Thursday, June 28, 2012

Nina Burleigh: Hell in a Reed Basket

Update from Sharm el Sheikh, a silvery beach town of casinos and unnatural fields of water-sucking grass, underutilized resorts and a McDonald's without the bacon deluxe cheeseburger.

Sharm means Shame in Arabic, and there is much of it to go around.

The palace where Mubarak retreated after he was deposed, before he went on trial, is just up the beach.

Here is where British and Russian and even Israeli tourists used to swarm and get sunburned and, some, too drunk to remember the Arabic for "thank you," let alone the local rules about what sunbathing women ought to keep covered.

Here is where I saw my first -- and second and third and fourth -- burkini, the hooded wetsuit that honorable women don while snorkeling or slathering sunscreen on their righteous men, the sight of whose hairy naked flesh apparently doesn't offend God.

Here is where waiters who have long kept their conservative religious views under wraps now glower when a woman orders a drink, or outright refuse to fetch it.

Here is where a man on a flight from Cairo to Luxor started screaming at the EgyptAir steward when he saw a foreign man and woman kiss on the plane.

Working with a documentary crew on sites in the Old Testament stories, we accomplished a Bataan Death March by train and car in two days across a swath Egypt. We retraced Moses' path from the colossal columns of the Ramesseum in Luxor, built by the pharaoh Ramses II, who ruled Egypt during the Exodus. We walked beside the reeds along the Nile, where the baby Moses was supposedly put into a basket by his mother, and then boarded a sticky night train north to steaming garbage-choked Cairo. Tracing the path of the Exodus, we then drove east on the old Pharoah's Road to Suez then south into the waste of the Sinai, aiming for Mount Sinai, the 7,200 foot peak and one of the desert mounts where God supposedly handed down the 10 Commandments. (Scholars think any of 20 mountains in the Middle East could have been the one in the Bible.)

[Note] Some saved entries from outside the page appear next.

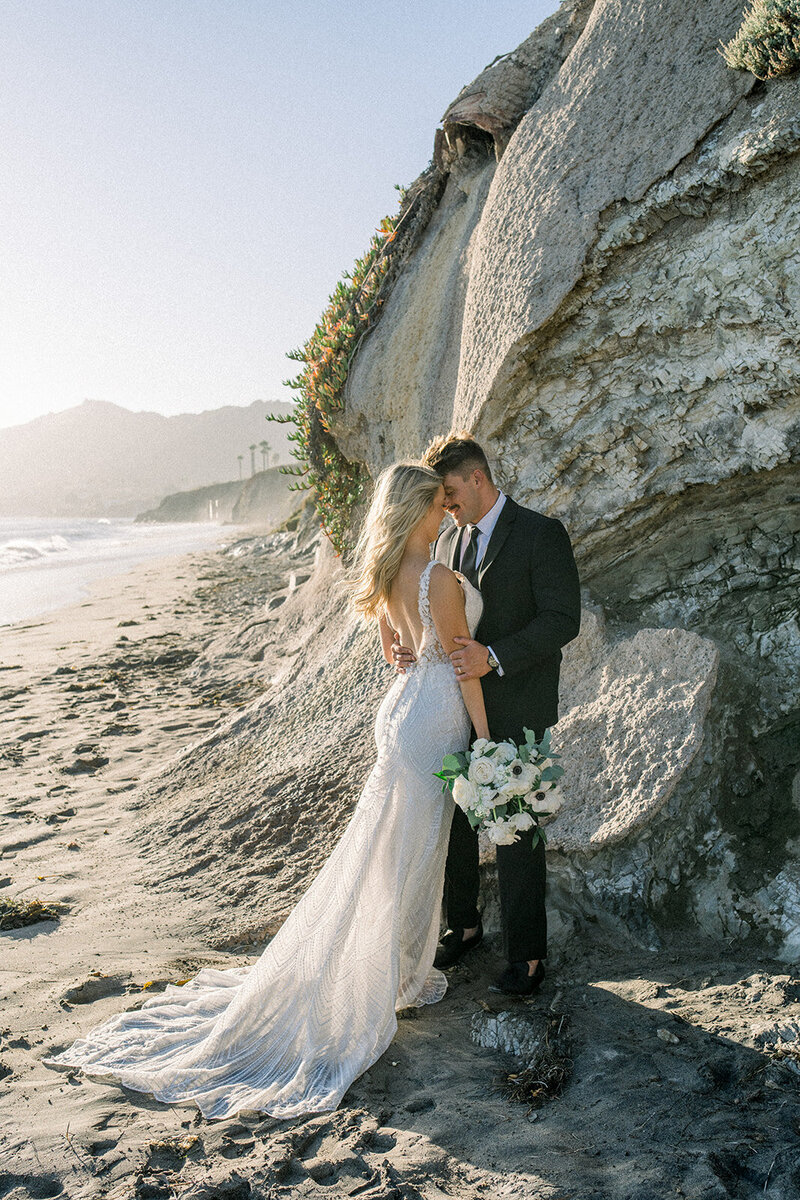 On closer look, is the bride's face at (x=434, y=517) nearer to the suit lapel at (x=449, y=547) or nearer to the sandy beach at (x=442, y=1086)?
the suit lapel at (x=449, y=547)

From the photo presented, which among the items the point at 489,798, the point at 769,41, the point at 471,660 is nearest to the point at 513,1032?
the point at 489,798

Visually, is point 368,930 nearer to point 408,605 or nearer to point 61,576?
point 408,605

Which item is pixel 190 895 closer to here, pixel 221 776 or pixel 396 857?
pixel 221 776

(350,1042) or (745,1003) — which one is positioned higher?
(745,1003)

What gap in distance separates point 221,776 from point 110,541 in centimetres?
4677

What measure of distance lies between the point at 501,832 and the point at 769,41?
13.6 feet

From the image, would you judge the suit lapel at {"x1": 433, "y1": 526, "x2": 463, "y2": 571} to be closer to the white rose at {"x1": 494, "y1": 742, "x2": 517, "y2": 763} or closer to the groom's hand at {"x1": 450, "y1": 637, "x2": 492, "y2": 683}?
the groom's hand at {"x1": 450, "y1": 637, "x2": 492, "y2": 683}

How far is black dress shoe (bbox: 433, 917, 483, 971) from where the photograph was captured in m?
4.26

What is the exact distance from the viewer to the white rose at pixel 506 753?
3.61m

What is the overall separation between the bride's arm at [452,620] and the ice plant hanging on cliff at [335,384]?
15.7 feet

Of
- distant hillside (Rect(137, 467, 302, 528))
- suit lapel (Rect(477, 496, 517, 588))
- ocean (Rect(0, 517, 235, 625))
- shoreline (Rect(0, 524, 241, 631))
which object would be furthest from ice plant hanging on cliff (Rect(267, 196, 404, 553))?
distant hillside (Rect(137, 467, 302, 528))

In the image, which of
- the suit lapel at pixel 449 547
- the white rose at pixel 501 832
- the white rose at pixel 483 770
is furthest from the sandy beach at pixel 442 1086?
the suit lapel at pixel 449 547

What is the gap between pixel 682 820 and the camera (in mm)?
4230

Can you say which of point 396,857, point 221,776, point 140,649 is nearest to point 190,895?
point 221,776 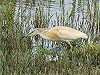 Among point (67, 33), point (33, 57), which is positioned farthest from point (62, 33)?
point (33, 57)

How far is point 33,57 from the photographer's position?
6.04 metres

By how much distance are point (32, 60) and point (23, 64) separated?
21 cm

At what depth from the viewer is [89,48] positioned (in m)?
6.32

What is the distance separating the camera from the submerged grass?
5492 millimetres

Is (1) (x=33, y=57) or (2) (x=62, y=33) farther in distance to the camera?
(2) (x=62, y=33)

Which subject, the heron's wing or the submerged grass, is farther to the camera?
the heron's wing

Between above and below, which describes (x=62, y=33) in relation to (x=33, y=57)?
above

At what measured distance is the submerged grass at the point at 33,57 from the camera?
18.0 ft

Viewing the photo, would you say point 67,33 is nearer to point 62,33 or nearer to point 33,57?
point 62,33

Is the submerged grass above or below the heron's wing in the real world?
below

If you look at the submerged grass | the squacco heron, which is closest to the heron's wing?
the squacco heron

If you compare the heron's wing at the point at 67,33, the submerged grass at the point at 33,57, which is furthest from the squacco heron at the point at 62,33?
the submerged grass at the point at 33,57

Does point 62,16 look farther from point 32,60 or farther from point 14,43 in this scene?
point 32,60

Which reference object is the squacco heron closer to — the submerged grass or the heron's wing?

During our own 40 hours of wandering the Sinai en route to climbing Mount Moses as it's sometimes called, we were hassled and obfuscated by skittery soldiers instructed to curfew Cairo at 7 p.m., to close petrol stations, to halt and turn back cars on unsecured desert roads that they say might, or might not, now be infested with gun-running, tourist-kidnapping Bedouins or other thugs taking advantage of the national political crisis.

This latest chapter of the Arab Spring opens beneath the searing sky of an Egyptian late June, in the sort of incapacitating heat that makes even the most efficient lose track of time, abandon goals and dispense with logic.

"There will be war in this country," predicted one of our party the night before the Islamic Brother Morsi was announced winner of the election. The speaker was an Egyptian tour guide who regularly must navigate his way through roadblocks set up by groups of uniformed men who would rather pass the buck up the cell phone daisy chain on requests for passage than be the last man to wave on a carload of westerners to meet its fate in some bloody international incident.

The modern-day pharaoh Mubarak might be dead, or he might be on life support, or he might just be malingering in a military hospital. All options are equally possible. The permutations of conspiracy-thinking are infinite.

As the military plays its winning hand -- an elaborate patient plot to kill the revolution by degrees before dropping the axe -- everyone expected riots in the streets in Cairo.

A death-struggle between extreme believers and secular kleptocrats passes for politics, while average Egyptians can only sigh and store up fuel, cash and food, waiting for calmer days. There is no constitution.

The Bible says that three millennia ago, Moses led his people out of Egypt, through epic wilderness and toward the Promised Land.

Moses never arrived, but he did get a glimpse of the goal from the peak of yet another God-loving desert mountain in Jordan called Mount Nebo, with its view of Jerusalem, arid hills of ancient Canaan and beyond that, the cool Euro promise of Mediterranean Sea.

"I have been to the top of the mountain," Martin Luther King said the night before he was assassinated in Memphis (another Biblical name, resurrected in far-off Tennessee). In that same speech, he said he no longer felt longevity was the chief aim of a human life.

The template for all stories about casting off oppression originated right here.

But there is neither Moses nor MLK, in Egypt, today.